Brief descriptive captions
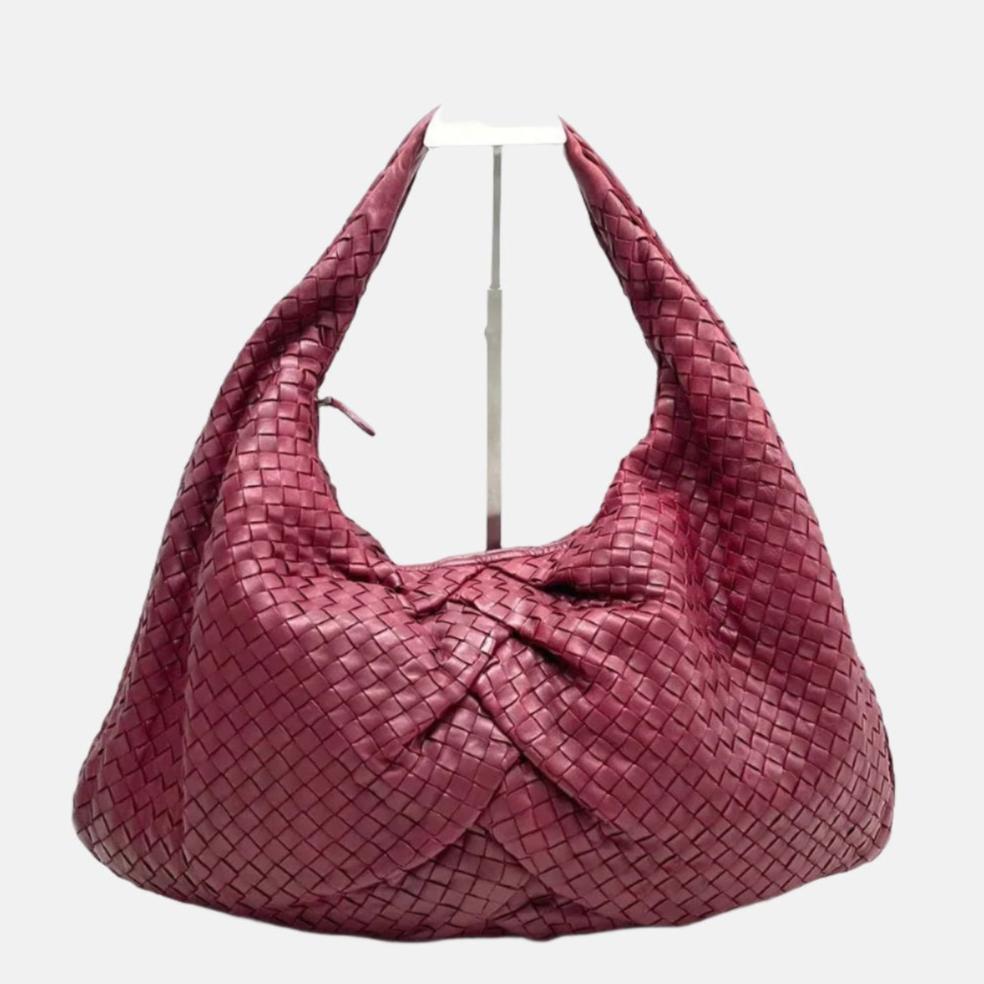 Bottega Veneta Veneta Shoulder Bag - Rovelle Bags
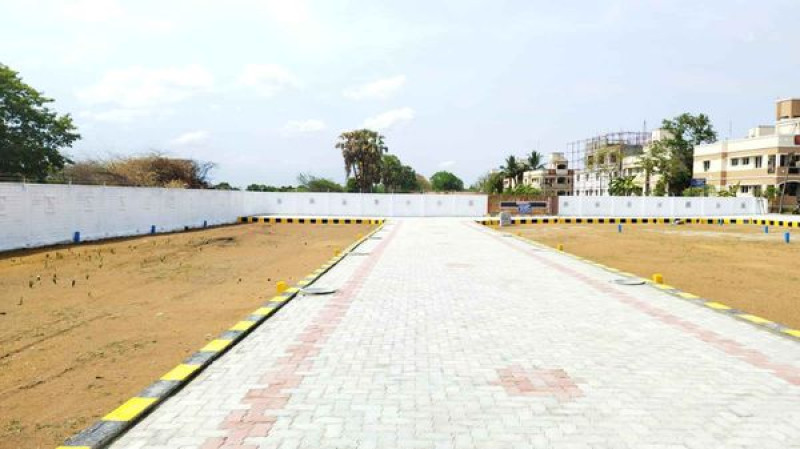 Plot sale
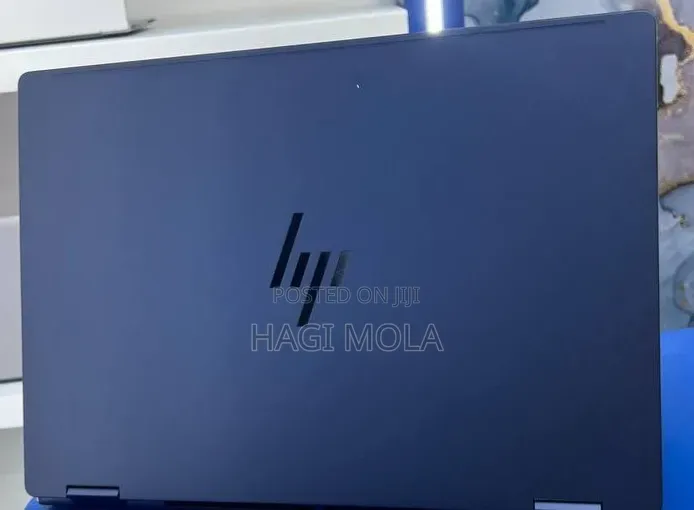 New Laptop HP OmniBook X Flip 16" 16GB Intel Core Ultra 5 SSD 512GB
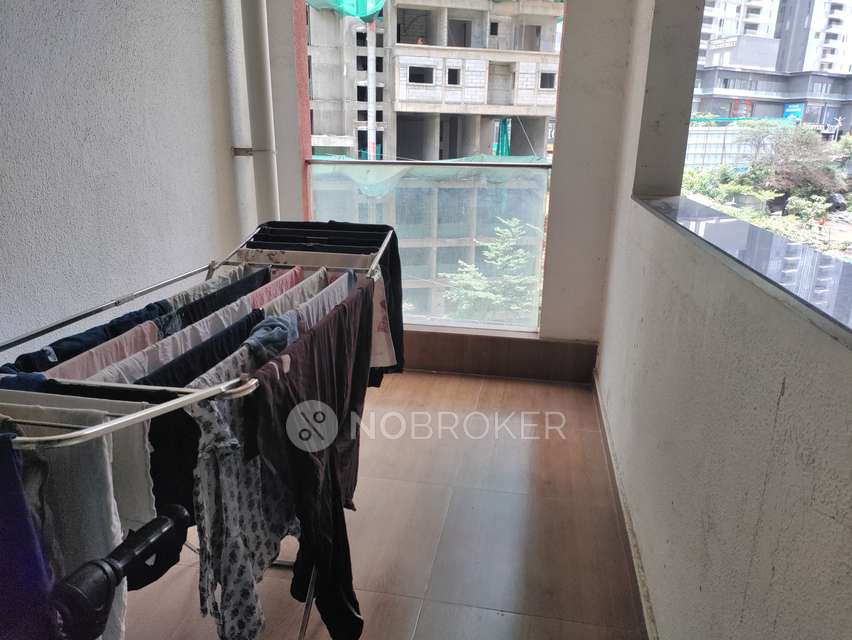 2 BHK Flat In Chaphalkar Elina Living For Sale  In Mohammed Wadi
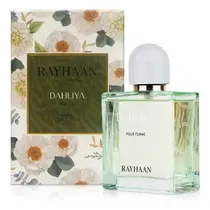 Rayhaan Dahliya Pour Femme F 100ML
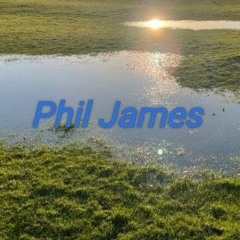 Phil James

=== What you need to do ===
Exact copy, no pictures: return the entries word for word.

=== Output of the exercise ===
 Bottega Veneta Veneta Shoulder Bag - Rovelle Bags
 Plot sale
 New Laptop HP OmniBook X Flip 16" 16GB Intel Core Ultra 5 SSD 512GB
 2 BHK Flat In Chaphalkar Elina Living For Sale  In Mohammed Wadi
 Rayhaan Dahliya Pour Femme F 100ML
 Phil James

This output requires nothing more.